# The Velocity Equation

This is your last chance to join me tomorrow in Rancho Cucamonga for the Math Review sessions. Contact the California-Nevada Section of the American Water Works Association at (909)481-7200. It’s a great way to get ready for the math portion of the State Water Treatment Operator certification exam on May 15. Because I will be in class all day, there will be no blog tomorrow — I hope to have something for you on Friday.
Today we see the third of our five key mathematical relationships, the Velocity Equation. As with our other formulas, we have three variables here, meaning we have three kinds of problems that we can solve using this one formula. But this formula has an important surprise for us, especially in treatment problems. Many apparently separate concepts are actually velocities in disguise: filtration rate, backwash rate, and surface loading rate, in particular. Most of us look at these as three different formulas that we need to memorize and learn to manipulate. But it’s actually much simpler if we recognize that each of these are really just velocities.
Velocity is another word for speed, and speed is how we usually use this formula for distribution problems: find the velocity of the water in a pipeline. To do this, we need to know the flow rate of the water in the pipe, and we also need to know the cross-sectional area of the pipe — that is, the area perpendicular to the direction of flow. In a typical pipeline problem, the area is not given to us directly; instead, we get the diameter of the pipe. From the diameter, we can find the cross-sectional area using the area of a circle, A = 0.785 d2. Note that the problem may give us the length of the pipe, too, but that is irrelevant in this calculation.

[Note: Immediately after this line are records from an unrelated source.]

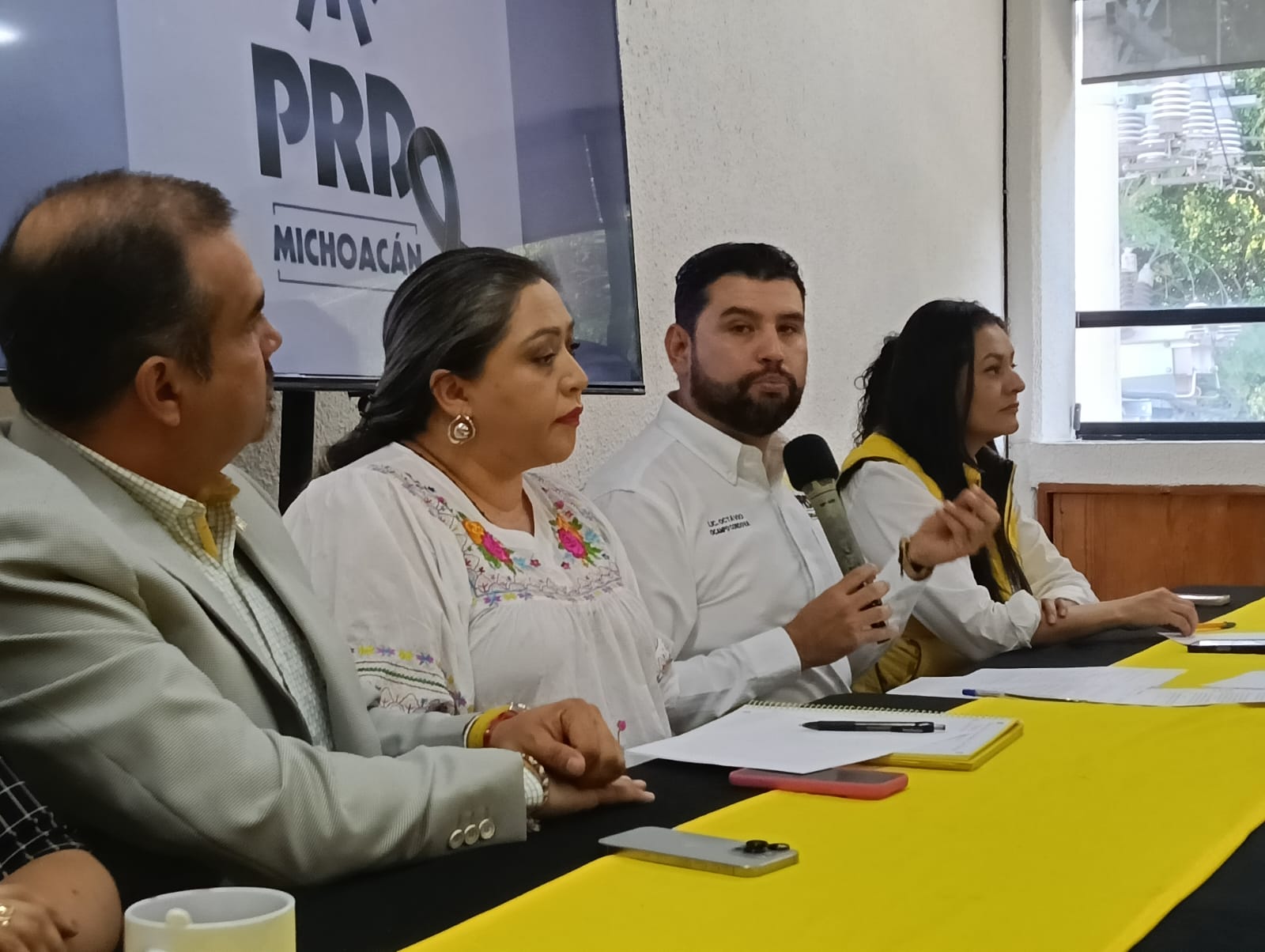 Presencia de diputados panistas en marcha por asesinato de Manzo mancha la manifestación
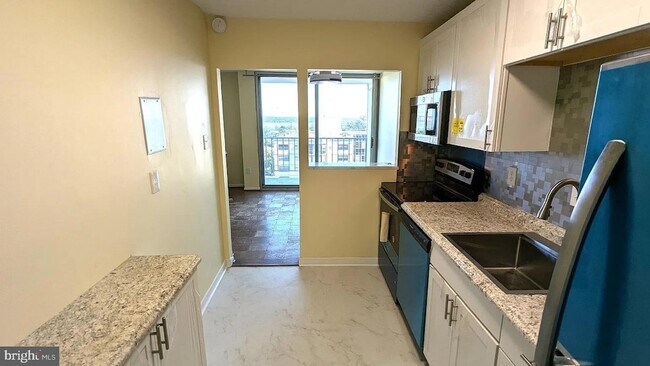 Building Photo - 2059 Huntington Ave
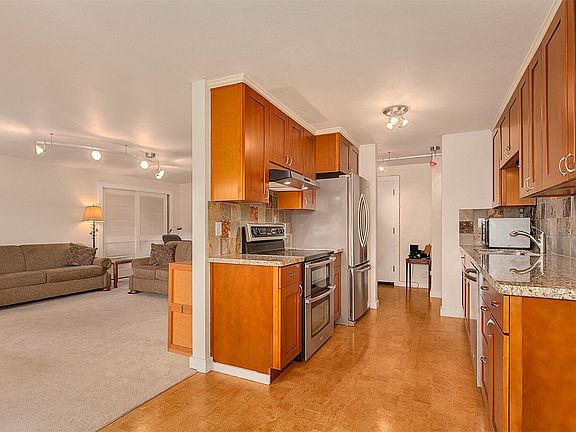 4th image of 5818 NE 70th St APT A207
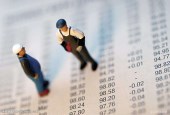 红黄蓝暴跌53%后表态：将认真研究政策导向，紧跟政策号召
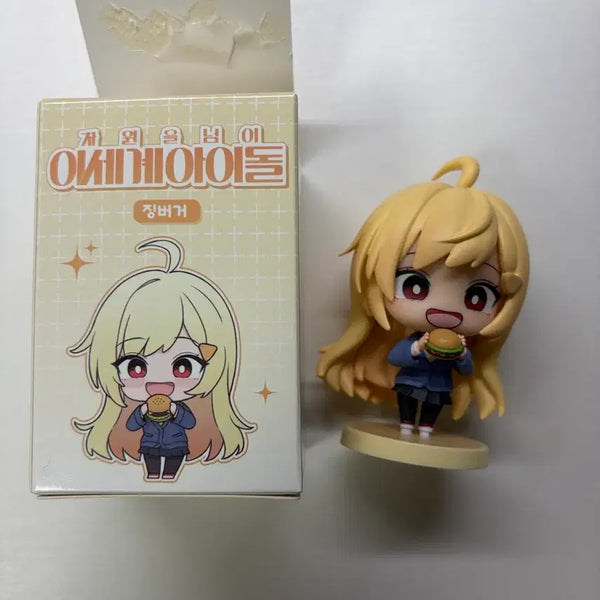 [BUNJANG] 2nd Generation Idols Jingburger Figure / 이세계아이돌 차세돌 징버거 피규어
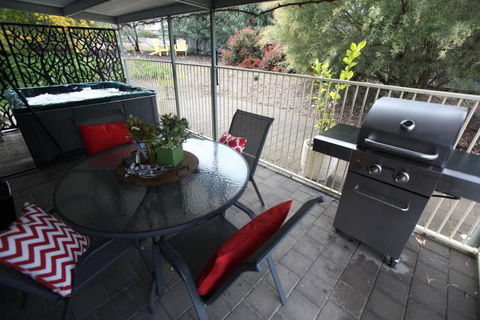 One Tree Bed & Breakfast - Tweed Heads Accommodation 5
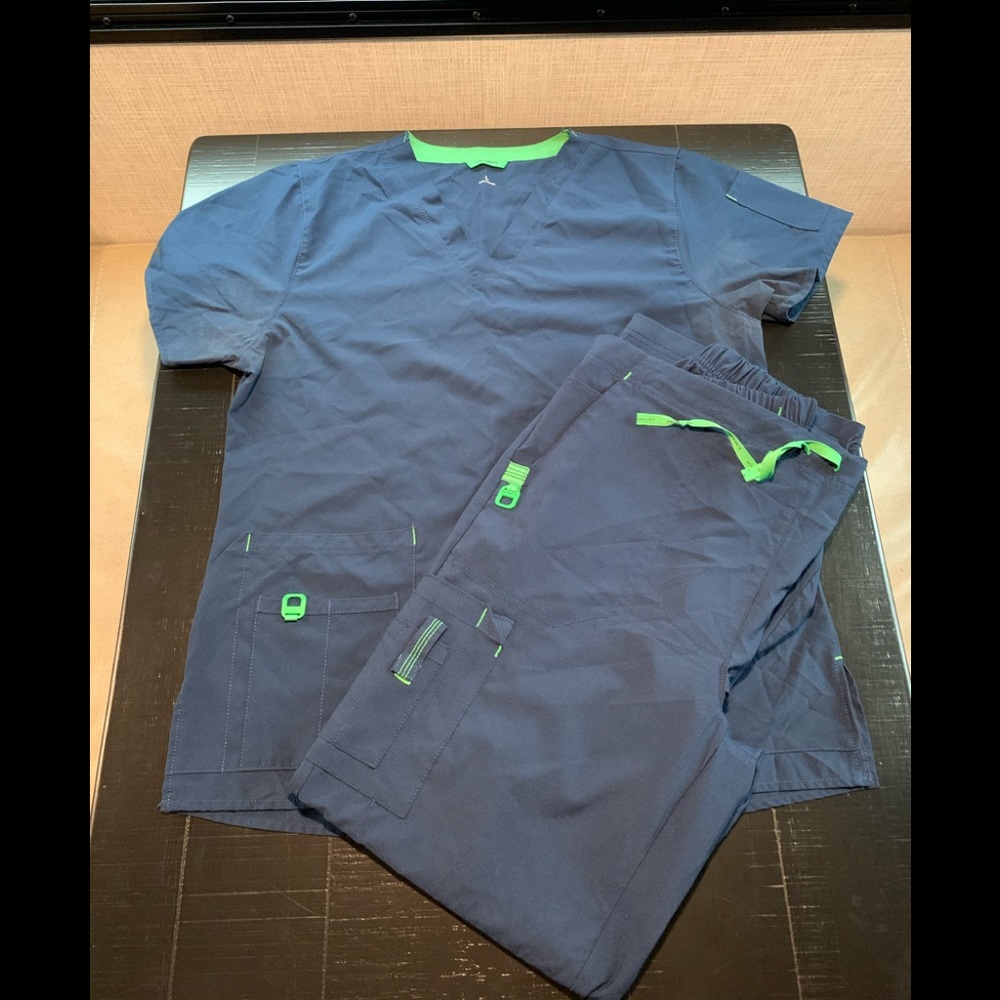 Scrub set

We could also find the flow rate possible in a pipeline if we know the pipe size and the water’s velocity. Similarly, we could find the size of pipe needed, if we know the maximum allowable velocity and the maximum anticipated flow rate. This last example shows up sometimes on the higher grades of Distribution exams. But it really should not: this is a problem for a design engineer! If a Distribution Operator wants to know a pipe’s size, he will either look it up or dig it up!

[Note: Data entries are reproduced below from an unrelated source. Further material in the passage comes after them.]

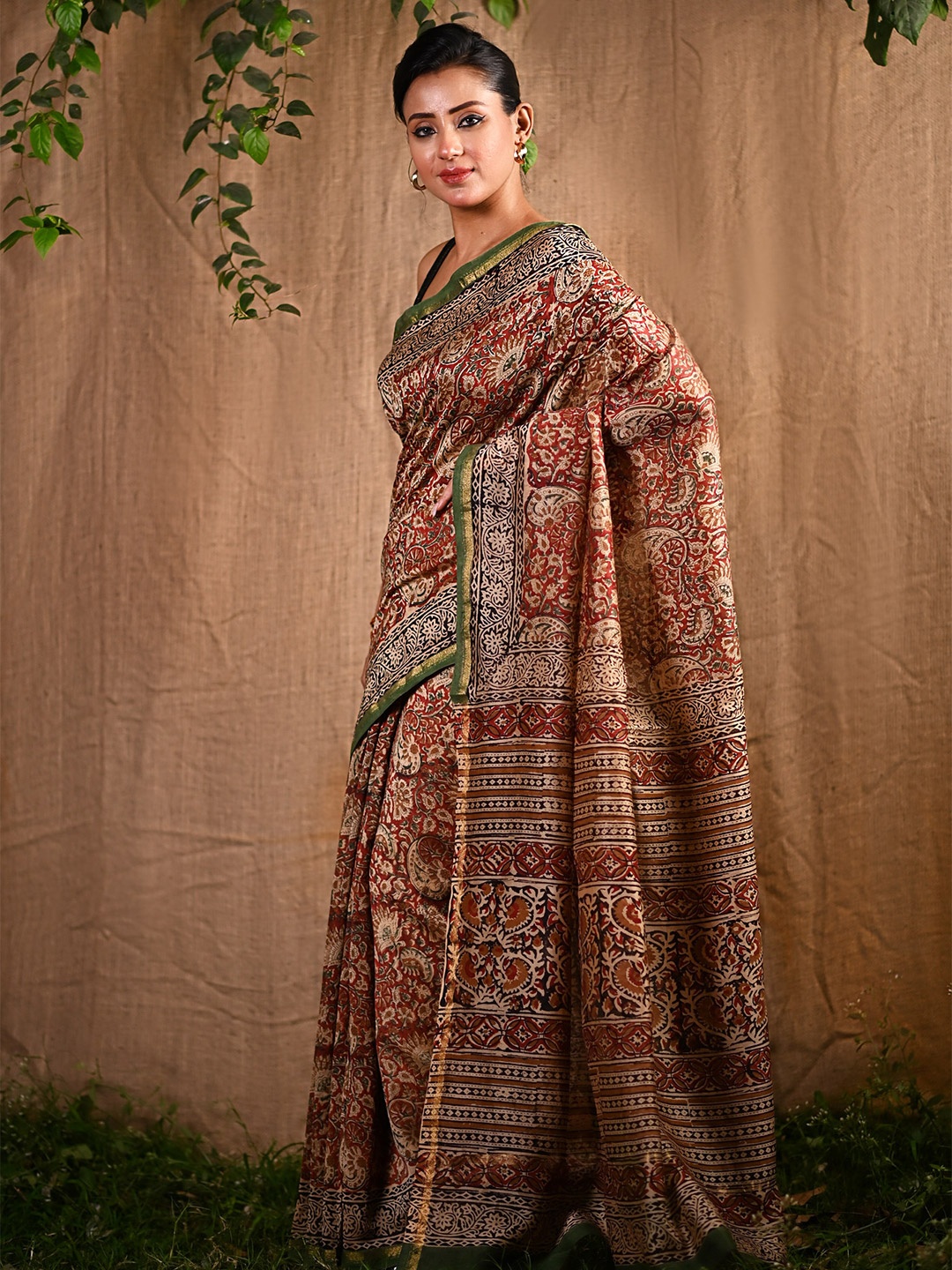 

Unnati Silks Ethnic Motifs Printed Chanderi Saree, Red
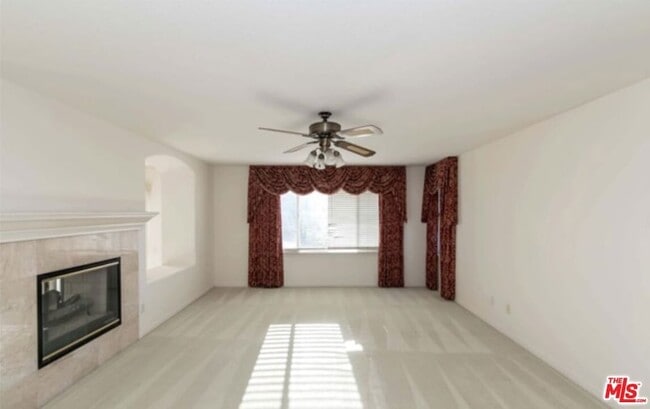 Building Photo - 1841 S Floyd Ct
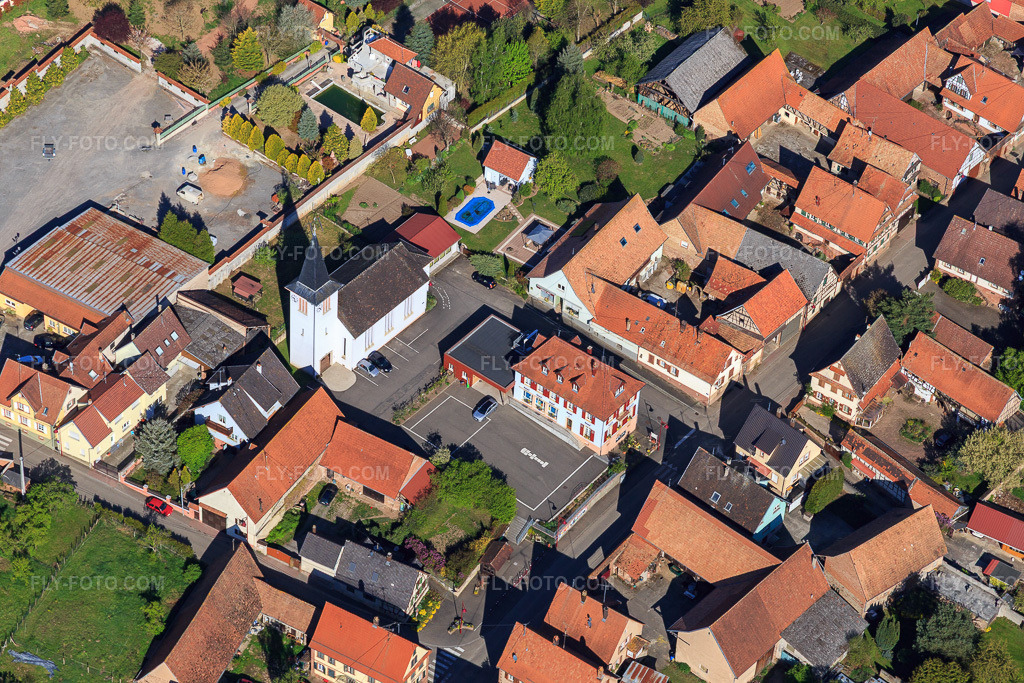 Aerial view: Village center with church Mulhausen in Mulhausen in the state Bas-Rhin, France. – Photo: IMG_099457.jpg taken on 04/30/2017 by Werner Riehm/FLY-FOTO.com – Resolution of the original: 5472 x 3648 px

The Distribution application of the velocity formula will sometimes appear on the Treatment tests, but filtration rate, backwash rate, and surface overflow rate are more common. Again, each of these is a velocity, so just plug these into our formula in the velocity spot.
To find the surface overflow rate, we need to know the dimensions of our sedimentation basin. But the only ones that we will use are the length and the width — we will ignore the depth of the basin, just like we ignored the length of the pipeline above. The “Area” we need to use is the surface area, which is the length x width. This is the area that is perpendicular to the direction of flow, which is assumed to be up — toward the surface — in this calculation.
For filtration rate and backwash rate, the “Area” is the surface area of the filter. This is the length x width again, and the depth of the filter is ignored. Note that this area is perpendicular to the flow in either case! During filtration, the flow moves straight down; during backwash, the flow moves straight up.
A question that we often see in the higher grades is “How many filters are needed …” For this problem, you will normally have a maximum filtration rate (probably the regulatory maximum of 6 gallons per minute per square foot, but possibly less) and the plant’s total flow rate. Armed with this information, you can calculate the total filtration Area needed. If you know the Area of one filter, you can divide this into the total Area needed, and get the minimum number of filters required. Note that an answer of something like “6.8 filters” is nonsense, since we can’t engage “.8” filters! So always round these up to the next highest whole number — “7” in this example.
As always, keep your units straight. This is especially important here, since the velocities can be expressed in feet per second or gallons per minute per square foot.